We see this time. The communication modes are too many and varied for us to remain blind. It hasn’t become clear just yet what this clarity may be preparing us for, but it does make us wrong to dismiss hope. If there is vision, may we not say that the people at least need not perish? America is 245 years old this year because, incredibly, we have beaten the odds every time. Don’t count us out.
*UPDATE*: Christopher Rufo, the subject of the Washington Post article used as example three, obtained corrections from the Post and extenuating comments in email correspondence which he posted at Twitter. To view the original article versus the corrections, click through to Rufo’s tweet thread.
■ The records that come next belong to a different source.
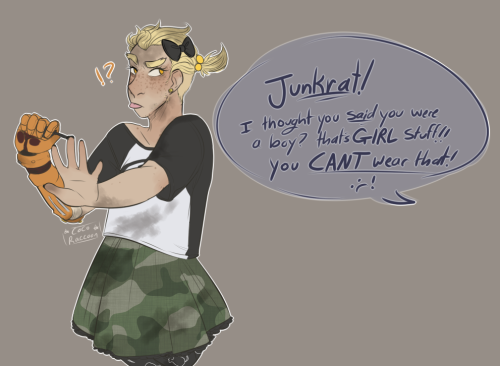 cocoraccoon:  Junkrat that doesn’t understand gender roles is my favouriteRoadhog that wont let gender roles affect them is ALSO my favourite 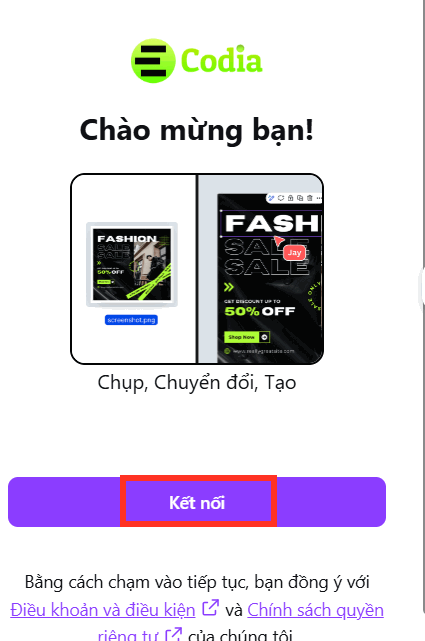 Kết nối với Codia AI Canva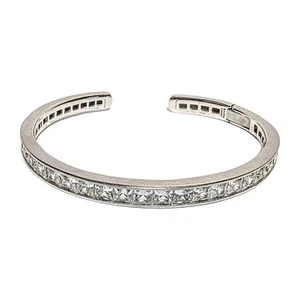 FE Sterling Silber CZ Zirkonia Manschette Scharnier Armband 925 6,5 22grm - Bild 1 von 6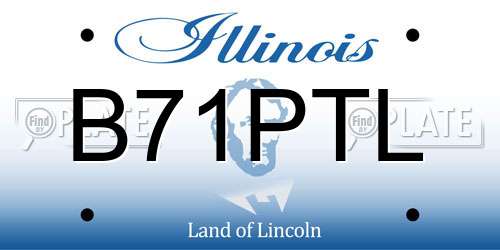 B71PTL Illinois License Plate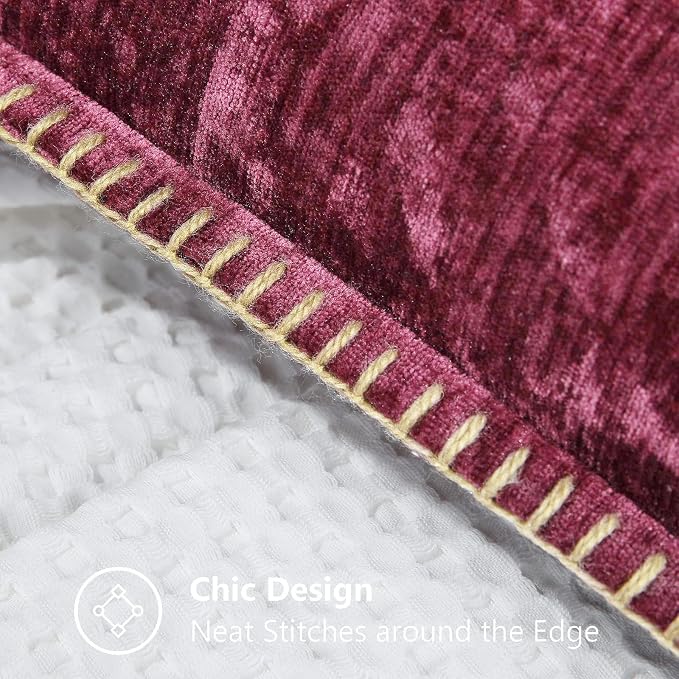 decorUhome Soft Chenille Throw Pillow Covers 22x22 Set of 2 Rhododendron | Fall Textured Decorative Throw Pillow Cases Stitched Edge Modern Farmhouse Luxury Boho Velvet for Couch Sofa Bed Home Decor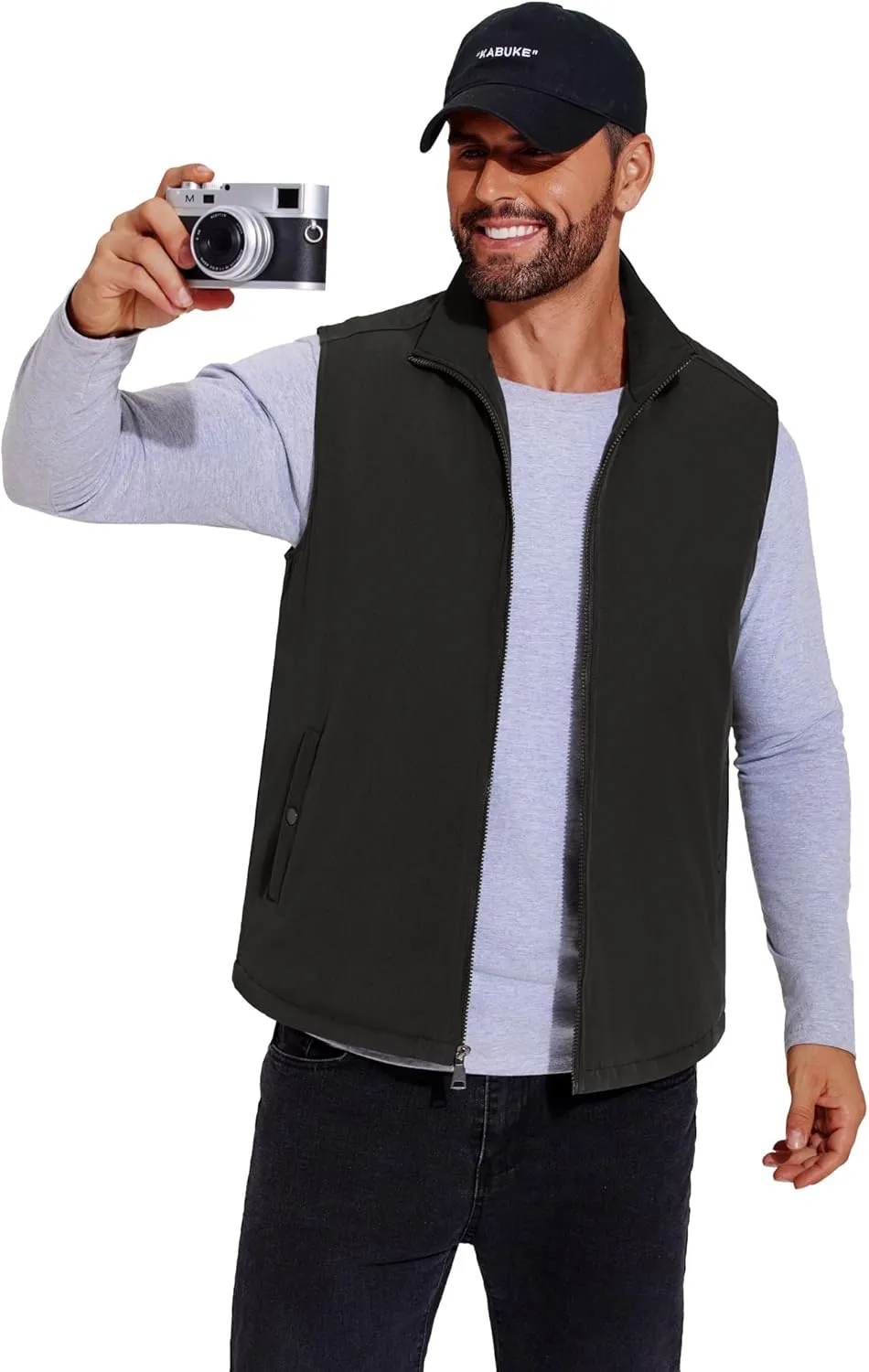 COOFANDY Men's Casual Outerwear Vest Lightweight Full-Zip Sleeveless Jacket Outdoor Hiking Travel Golf Vest with Pockets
Form your own judgments.
WINNING: The Washington Post's hitpiece against me has collapsed.
They have admitted to fabricating a timeline, retracted or added six full paragraphs, reversed a key claim, and failed to produce evidence of a falsified quotation.
Democracy dies when the media lies. pic.twitter.com/gfKdpy4sal
— Christopher F. Rufo ⚔️ (@realchrisrufo) June 22, 2021
I doubt readers will be surprised by this development. Again, the point in the LU article: when the Biden administration undertakes to identify “disinformation” and “misinformation,” it will be using “mainstream, accredited” sources like WaPo — to make conclusions like whether conservative speech is incitement to domestic terrorism. The Biden administration will call this “due process,” even though it violates the most basic premise of the First Amendment.